Per approfondire i vari casi, leggi: “Quando posso non fare la dichiarazione dei redditi“.

Dichiarazione omessa e dichiarazione tardiva: differenza

La dichiarazione dei redditi si considera omessa quando viene presentata dopo più di 90 giorni rispetto alla scadenza annuale prescritta dalla legge; fino a quel momento, è considerata soltanto una dichiarazione tardiva. In altre parole, chi presenta la dichiarazione dopo 90 giorni dal termine di scadenza è responsabile di omessa presentazione, al pari di chi non l’ha presentata affatto, neppure in seguito.

Tuttavia, la presentazione della dichiarazione omessa che avviene entro e non oltre il termine relativo alla dichiarazione dell’annualità successiva beneficia di una riduzione delle sanzioni, che sono quasi dimezzate. La dichiarazione tardiva, invece, può essere regolarizzata mediante il ravvedimento operoso, beneficiando di un notevole abbattimento delle sanzioni (entro i primi 90 giorni si paga un decimo del minimo, cioè 25 euro).

Omessa dichiarazione: le sanzioni amministrative

La dichiarazione omessa comporta una sanzione  amministrativa pecuniaria dal 120% al 240% dell’ammontare delle imposte dovute, con un minimo di 250 euro.

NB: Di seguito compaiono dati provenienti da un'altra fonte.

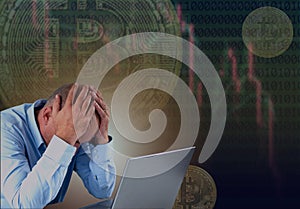 Frustrated stressed failed business man sitting with laptop with financial market chart graphic going down. Poor economy concept.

Se non c’è un debito d’imposta, si applica comunque la sanzione da 250 a 1.000 euro.

Presentando la dichiarazione omessa entro il termine di scadenza per la presentazione della dichiarazione relativa al periodo d’imposta successivo (e comunque, prima dell’inizio di un accertamento fiscale per omessa presentazione) la sanzione amministrativa è ridotta e va dal 60% al 120% dell’ammontare delle imposte dovute, con un minimo di 200 euro. Se non sono dovute imposte, la sanzione è compresa tra un minimo di 150 euro e un massimo di 500 euro.

Dichiarazione omessa e termini di accertamento

In caso di omessa dichiarazione, i termini per eseguire i controlli sulle dichiarazioni a disposizione dell’Agenzia delle Entrate sono estesi di due anni: mentre il termine ordinario per gli accertamenti sulle dichiarazioni presentate è di 5 anni, e scade il 31 dicembre del quinto anno successivo a quello di presentazione, per la dichiarazione omessa ci sono sette anni di tempo per eseguire i controlli e le rettifiche dei redditi. Ad esempio, una dichiarazione dei redditi non presentata per l’anno d’imposta 2021 comporterà la possibilità di un accertamento a carico del contribuente fino al 31 dicembre 2029.

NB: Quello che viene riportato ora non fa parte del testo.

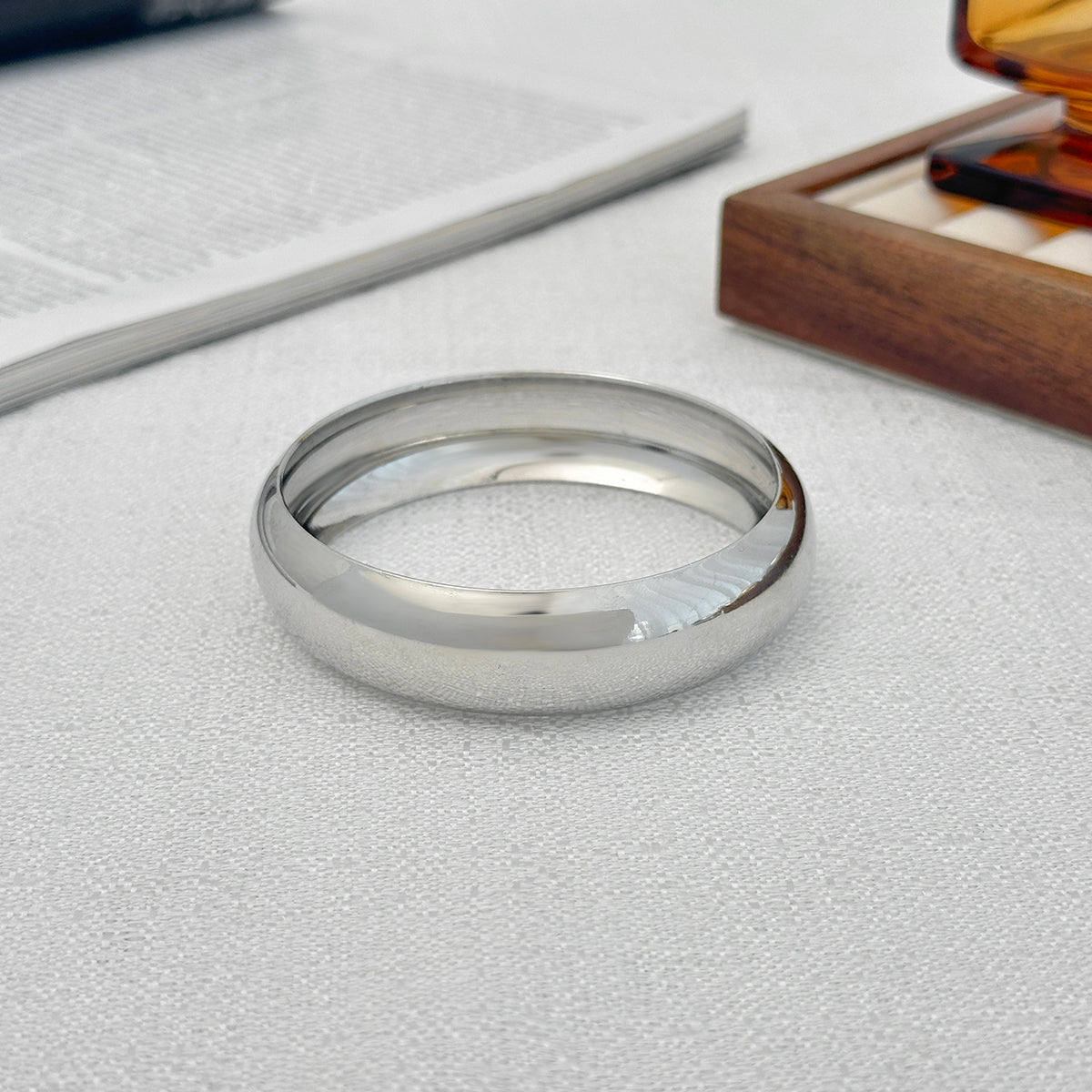 Silvertone Thin Bangle Bracelet, silver bangle bracelet, vintage-inspired design, side view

Omessa dichiarazione e accertamento induttivo dei redditi

Il professionista, l’imprenditore e qualsiasi altro soggetto Iva che omette di presentare la dichiarazione può subire l’accertamento induttivo dei redditi da parte dell’Agenzia delle Entrate, entro il termine di sette anni che abbiamo esposto nel paragrafo precedente.

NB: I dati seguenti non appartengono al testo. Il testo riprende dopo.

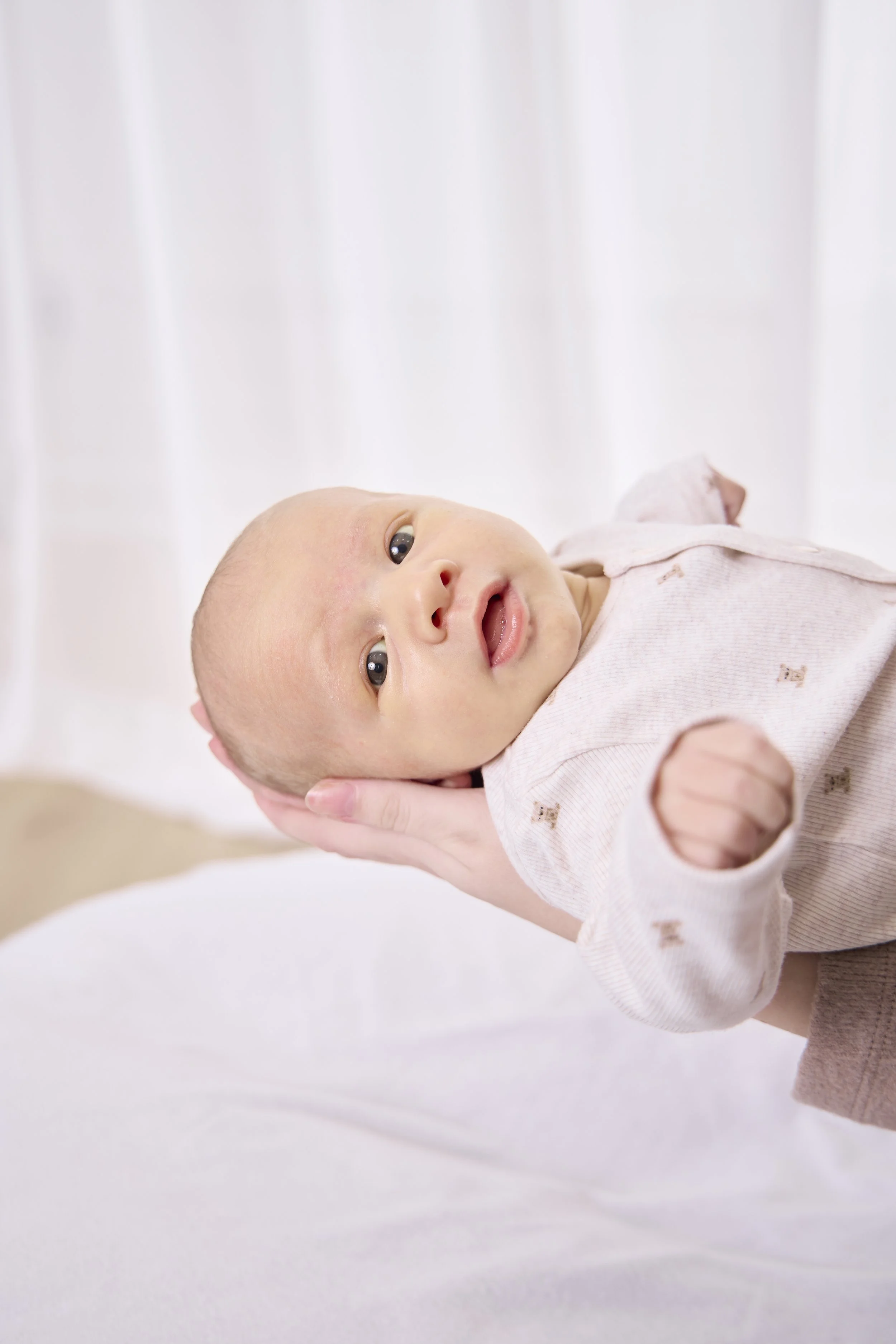 A baby lying on a white surface being gently held by an adult's hand, looking curiously at the camera with a slight smile.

Con l’accertamento induttivo, detto anche extracontabile, l’Amministrazione finanziaria non è vincolata ai dati della dichiarazione dei redditi – che manca – e delle scritture contabili o del bilancio d’esercizio, ma può ricostruire i redditi d’impresa utilizzando i dati comunque raccolti, che costituiscono presunzioni semplici [1]. A quel punto, il contribuente dovrà fornire la prova contraria per smentire questa presunzione di evasione.

Omessa dichiarazione: quando è reato?

Il reato di omessa presentazione della dichiarazione dei redditi o Iva [2] sussiste quando si supera la soglia di punibilità stabilita dalla legge tributaria e, precisamente, quando si oltrepassa il limite di 50mila euro, riferito a ciascuna imposta (Irpef, Irap o Iva). L’imposta è considerata evasa per il solo fatto di non aver presentato la dichiarazione obbligatoria entro i termini previsti. Le pene detentive per questa fattispecie di reato vanno da un minimo di due anni a un massimo di cinque anni di reclusione.

Per la configurabilità del reato, però, occorre accertare che vi sia stato il dolo di evasione, cioè la volontà di evadere le imposte; se l’omissione della dichiarazione deriva da altre cause, come la materiale impossibilità di presentarla o una mancanza addebitabile al commercialista, il reato non sarà integrato per la carenza dell’elemento soggettivo. Tuttavia, anche in questi casi, rimane possibile l’accertamento induttivo, perché il contribuente è sempre tenuto a vigilare sull’operato del professionista incaricato della presentazione, come ha chiarito la Corte di Cassazione in una recente sentenza [3].


note

[1] Art. 39, commi 1 e 2, D.P.R. n. 600/73.

[2] Art. 5 D.Lgs. n.74 del 10.03.2000.

[3] Cass. ord. n. 36001 del 22.11.2021.